▶ **EXERCISE**
Starting with the line with "Printed rubbit fur with embossed design" in the entries below and going on through the line with "TRỌNG YẾU, VẬN", output every line exactly and nothing more. No pictures.

▶ **DATA TO PROCESS**
*** Block opens ***

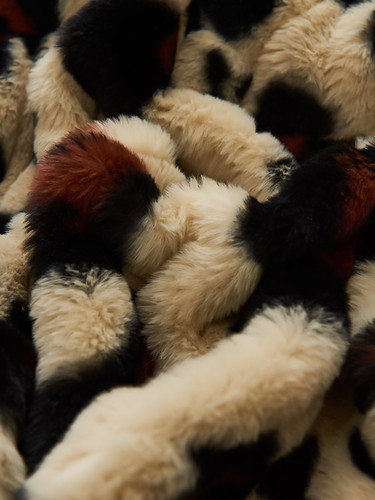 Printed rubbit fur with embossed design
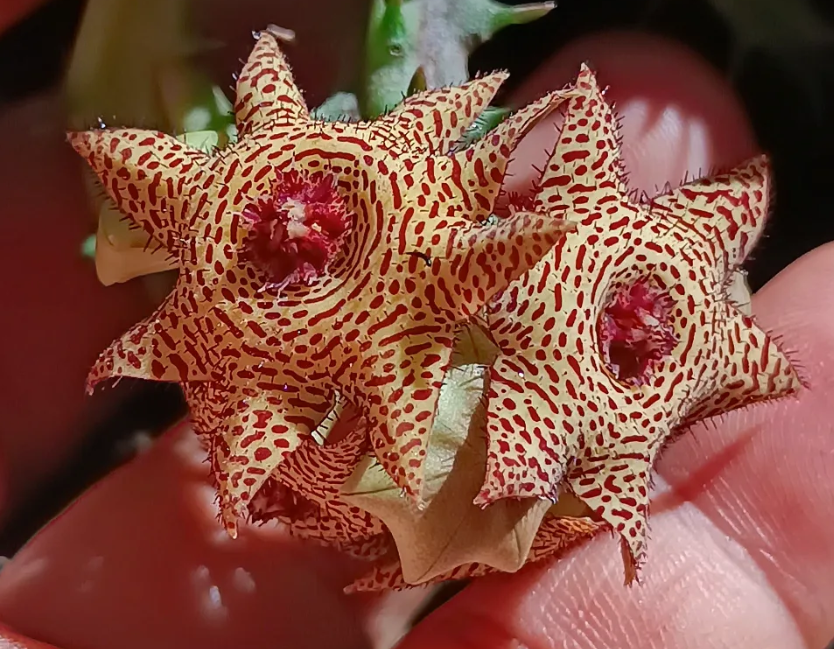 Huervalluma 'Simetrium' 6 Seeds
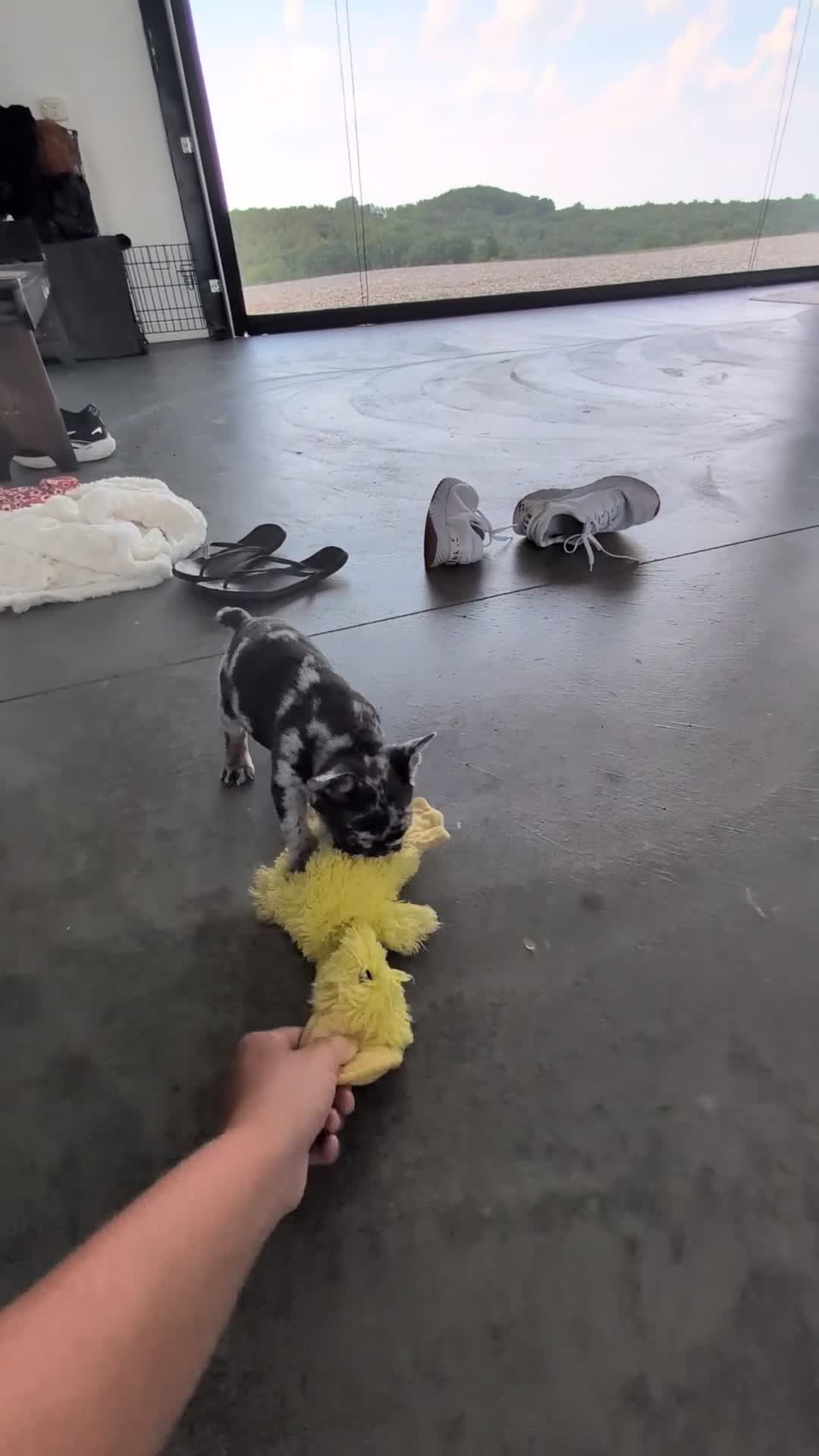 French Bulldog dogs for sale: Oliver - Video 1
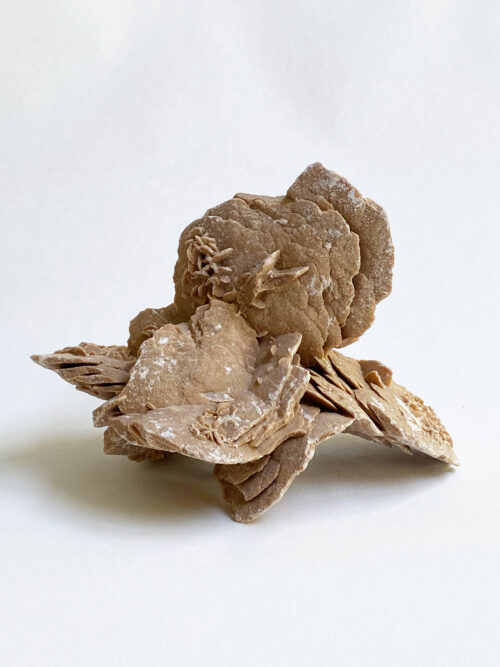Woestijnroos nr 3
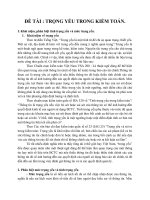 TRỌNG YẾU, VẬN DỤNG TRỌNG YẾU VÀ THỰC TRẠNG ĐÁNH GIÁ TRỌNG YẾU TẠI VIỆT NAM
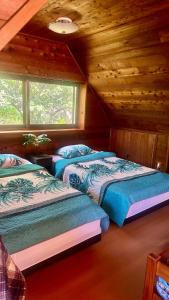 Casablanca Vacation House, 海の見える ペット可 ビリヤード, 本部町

*** Block closes ***
*** Block opens ***

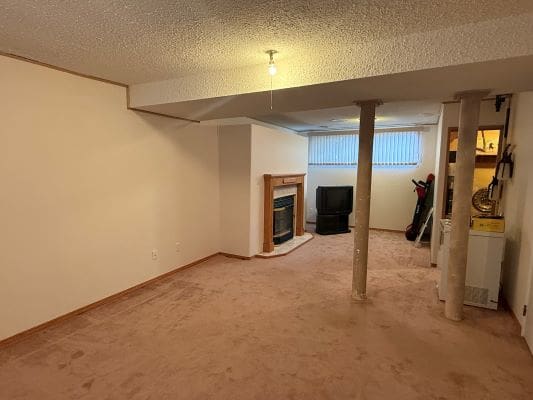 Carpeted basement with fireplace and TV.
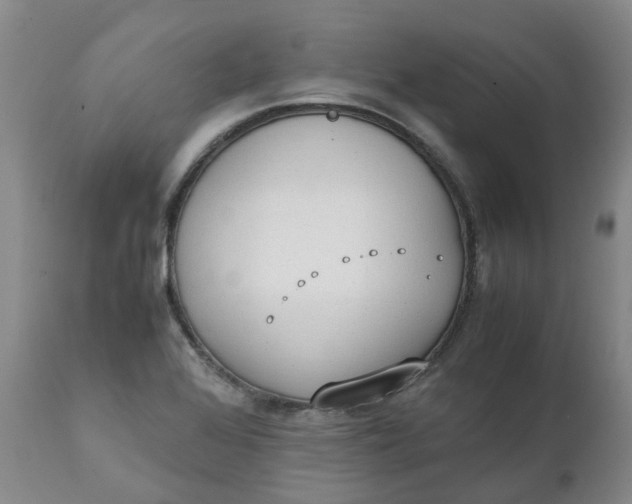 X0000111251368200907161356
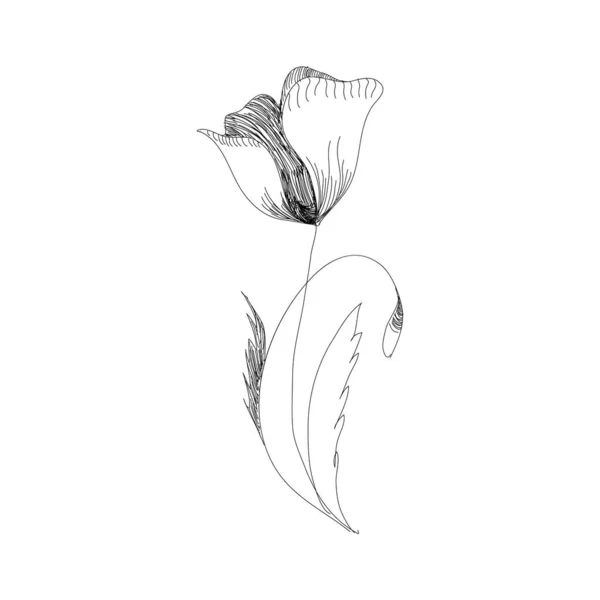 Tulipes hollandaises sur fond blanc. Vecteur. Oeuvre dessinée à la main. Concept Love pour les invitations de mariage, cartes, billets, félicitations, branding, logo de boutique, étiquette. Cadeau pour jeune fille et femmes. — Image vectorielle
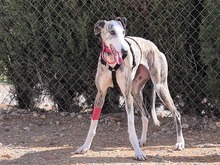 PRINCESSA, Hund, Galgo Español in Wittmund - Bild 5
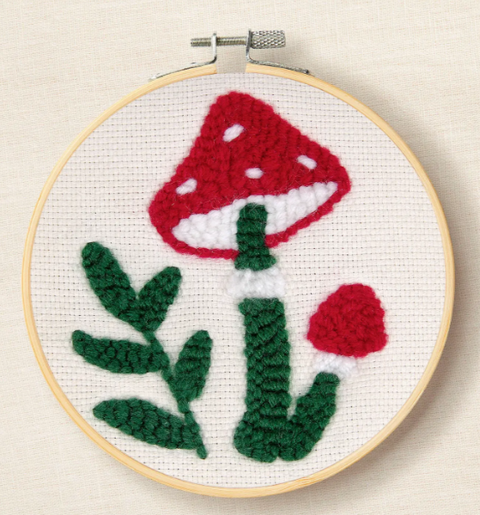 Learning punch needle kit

*** Block closes ***
*** Block opens ***

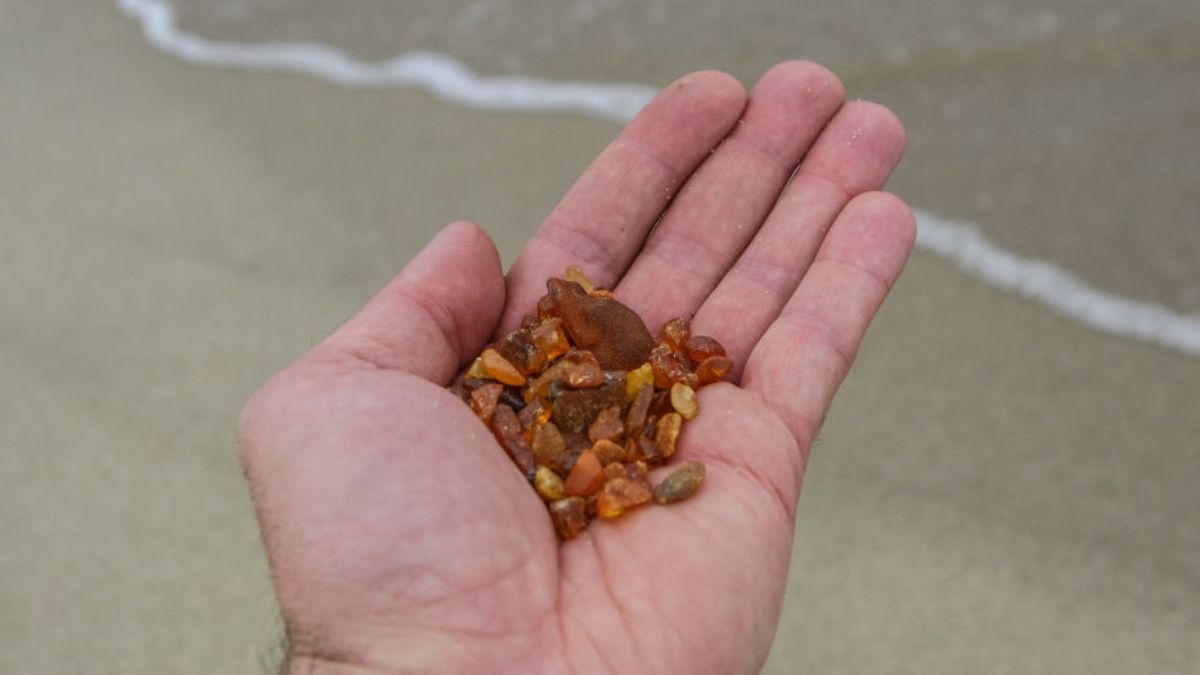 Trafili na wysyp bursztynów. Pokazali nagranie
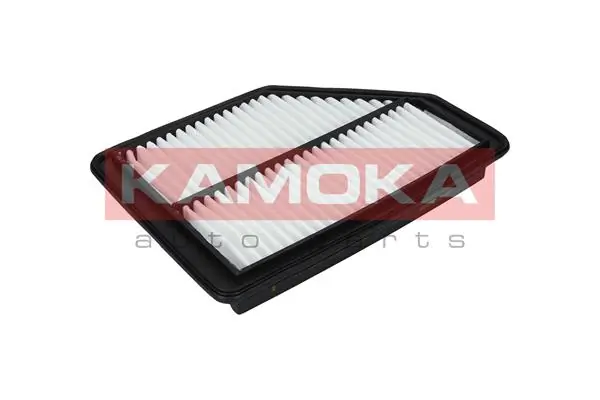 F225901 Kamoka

*** Block closes ***

▶ **RESPONSE AREA**
 Printed rubbit fur with embossed design
 Huervalluma 'Simetrium' 6 Seeds
 French Bulldog dogs for sale: Oliver - Video 1
Woestijnroos nr 3
 TRỌNG YẾU, VẬN DỤNG TRỌNG YẾU VÀ THỰC TRẠNG ĐÁNH GIÁ TRỌNG YẾU TẠI VIỆT NAM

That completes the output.